Yeah. You want it to be organic and more of a personal level.
Yeah, because it’s like, this is my boy, like that’s my dude, dude. You know, I’d almost rather not write a song with him and just smoke a joint and talk about how the road’s been kicking his ass.
Do you have any advice towards the troubled youth on how to keep aiming for goals?
Well, first and foremost, it’s deeper than a message for those kids, It’s a message for our system in general and how do we create avenues and trades and stuff that these kids can get behind and things that they can figure out and things that we can Institute in these communities, those alternative options to the only lifestyle that they know, which is the one they see that’s popular, that’s popularized. And I don’t— It’s just presenting it in a different way and trying to give these kids options, I think is what’s so important in working on rehabilitation instead of re-incarceration.

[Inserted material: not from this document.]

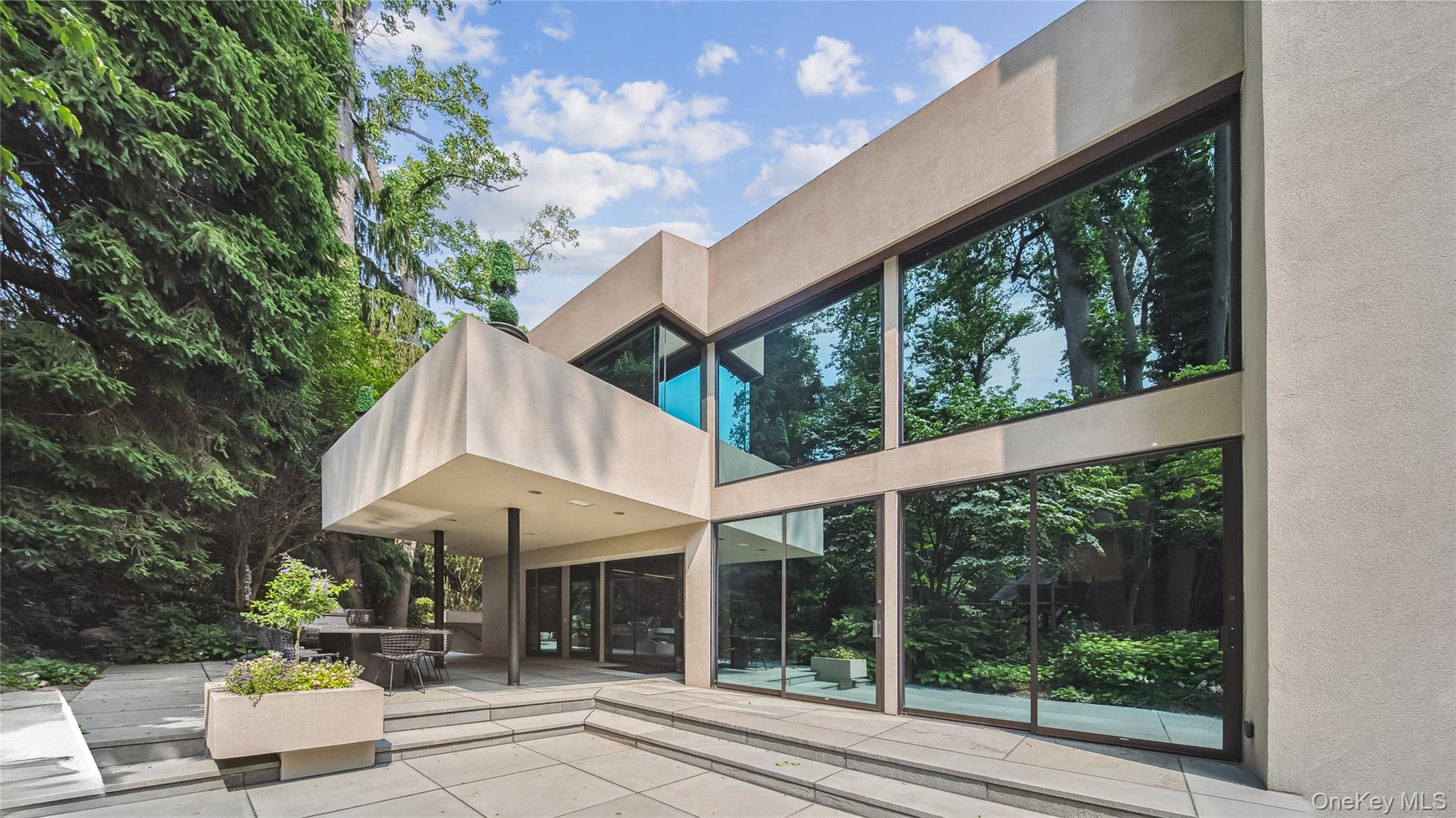 7 Folie Court Property Photo 37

I agree with the rehabilitation thing. That’s where America fails in regards to helping the troubled youth. Instead of giving kids an opportunity to actually clean up, they just lock them up and then think that the cold turkey technique will work, but it doesn’t.
It’s so hard to get in rehab and it’s so easy to go to jail.
Do you have any advice on how to keep pursuing your dreams even though you’re in the system?
Well, I just never let that stuff get in the way of what I was trying to do. You know, once I changed my life, I knew what it was. It was music or bust for me. And thank God it appears it looks like it’s going to work out, but I will say that there’s nothing in life that you can put the amount of time that I put into music that you wouldn’t succeed at if you genuinely put effort into it. And it doesn’t have to be music, that can be anything for anybody. It’s kind of my deepest philosophy, you know what I mean? It could be if I’d have spent that same time learning how to, IT work, right? Do tech work and computer work and you know, stuff like that, I mean I could probably run a successful tech business, right?
Right. You’re more saying, go for any goal, no matter what?
Yeah. That’s it. And double down on it. If you’re really applying yourself, you know.
Last question: Can you define the art of music in your own words?
Define the art of music? I think music is the expression of the soul to some degree. And it’s either what our— It’s what our soul needs or what our soul desires. And I think that it’s more of a vibration than it is anything, it’s more of an actual energy that exchanges through people, you know what I mean? And I think to me, that’s what music is. That’s the definition of music. And that’s definitely the perspective in which I write it from.